When I started to write this blog my intention was to write about my journey as a performer and the trials and triumphs that come along with that. But I realized that I can't only focus on performing because my life is not only about my career (although sometimes it feels like it). So from time to time, I think I will focus a bit on my personal life and how it gets affected because of the career path I have chosen. A friend of mine recently had a baby and she is thrilled beyond belief, and I’m not gonna lie, there were a few times I felt my uterus tug...and then I snapped back into my reality.
See I’m at a point in my life where many other people have gotten married and are having kids. They have done the things you're “supposed to do” at my age (and they love it). In fact, many of my closest friends are either having babies, getting married or actively searching for a husband (don’t get me started on that one, lol), while I am searching for my next acting job.
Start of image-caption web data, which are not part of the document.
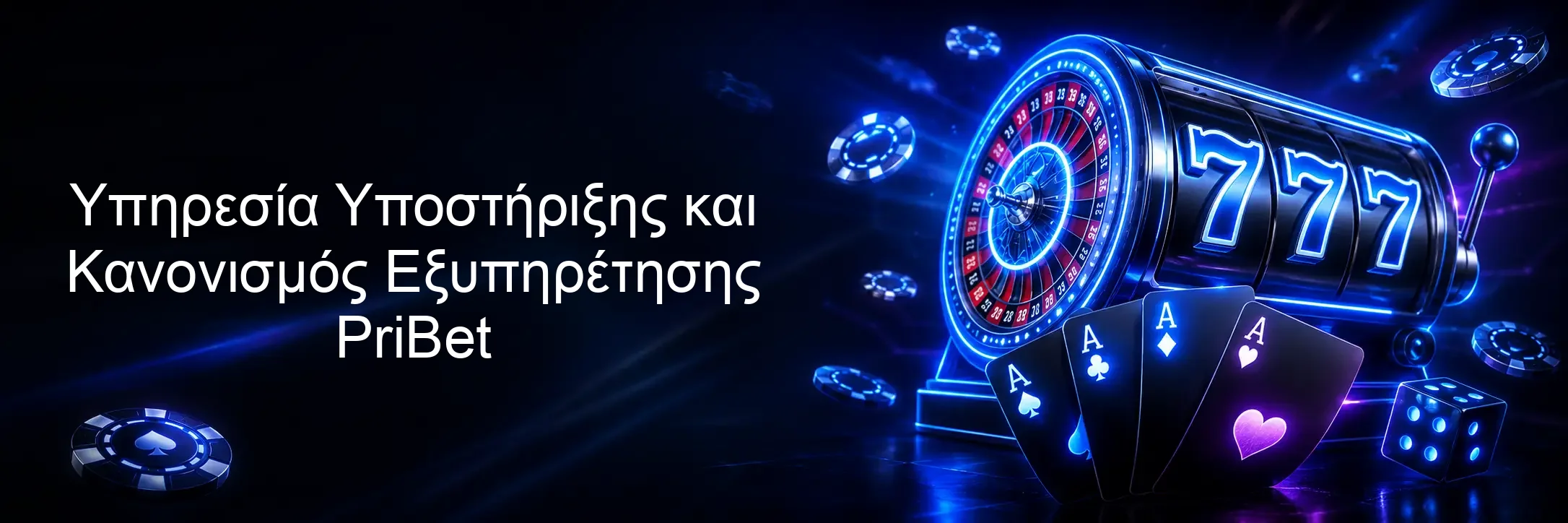 Υπηρεσία Υποστήριξης και Κανονισμός Εξυπηρέτησης PriBet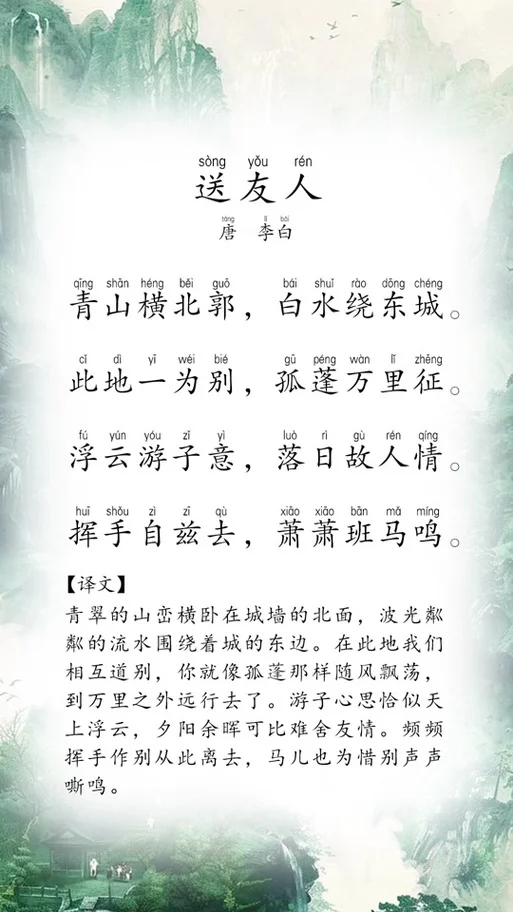 将在外下一句是什么-将在外必依法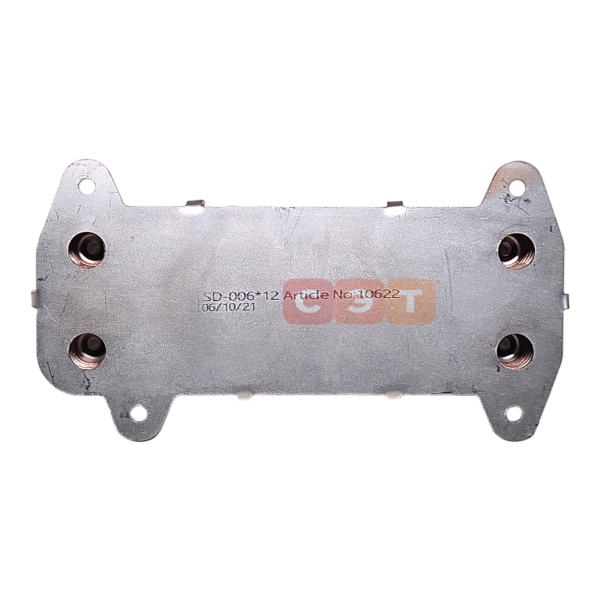 Теплообменник вторичный 7817471-AAA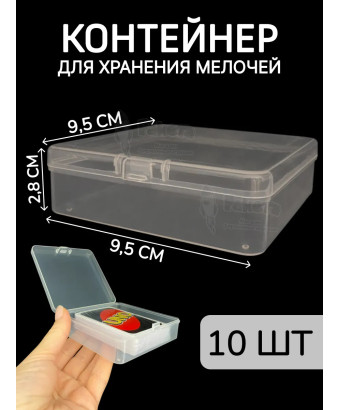 Контейнер для хранения мелочей - коробка мини органайзер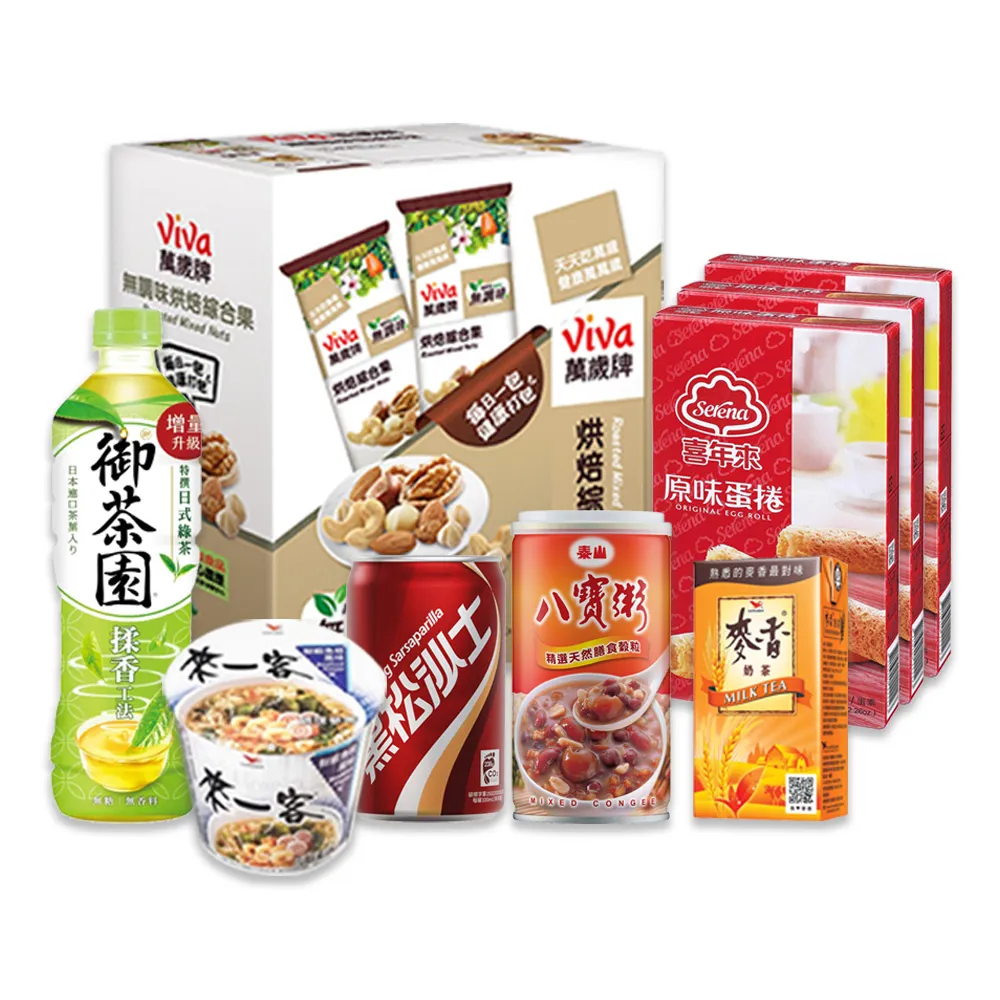 中元普渡拜拜箱-辦公室分享組(TQF微笑標章)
I’m not at that place now, and there is a tiny part of me that feels like I might be missing out. When I was sixteen and I thought about what my life would be like at this age now, I can honestly tell you, it was a hell of a lot different than the life I’m living. Is that a bad thing?
Recently, it has come to my attention that I SHOULD be doing these things now: getting married and having kids, making my own family. But should we do things because we SHOULD?!! Or should we figure out what and when is right for us? Should I feel bad that my life is not what society says it should be at this point?? Should I feel like a loser, or less of a woman if my goal at the moment is my career, instead of finding a husband? Do I want all those things, the husband and the family? Yes…I think so. But they aren't in my cards now and I don't want them at the expense of my other dreams. I know everyone makes compromises, but there are some things that I just won’t give up on. Why can't I have it all?!! Why can't I make all my dreams come true??! Wow, I sound like a spoiled brat! Is that wrong?
I know people are starting to think there must be something wrong with me. Especially with comments like “when are you getting married?” or “Hey, you really should get on that”. Or my personal favorite, “Oh, you’re still doing that? (meaning acting). Well, good for you”. And I know from their tone, that this isn’t a compliment. I’m also not sitting here and complaining about my life, because I chose it!! The reason I am where I am is because I made it happen; and if I’m not happy with it or want something else it’s up to me to make that happen. A fairy godmother is not going to come down and wave her magical wand (no matter how much I would freaking love that), so it’s up to me to make my life the way I want it to be. I’m on my way…S-L-O-W-L-Y!
And I guess in 10 yrs if I still haven’t found Mr. Right (hell, if I haven’t found Mr. I can live with long enough to get married), and my uterus is still tugging and I'm financially stable enough, I can try to adopt because everyone needs love and a home. But here’s thing, I don't know where I'll be in 10 yrs. None of us to do. We all have our "plan", but sometimes life has other plans. The only thing we have is a path & its our own (and I will not apologize or be judged for mine). I will just have to trust that my path will bring me my happiness. I’ll end on this quote from an email I just read (its about the search for your soulmate, but I think it can apply to all dreams), “Most who are looking for mates that they haven't quite found yet, are so interested in getting to where they're going, that they're missing the fun of going there.” Hmmm, somehow after all these years, I’ve yet to accept that life isn’t a result, it’s a journey.
This is mine! I hope you're loving yours!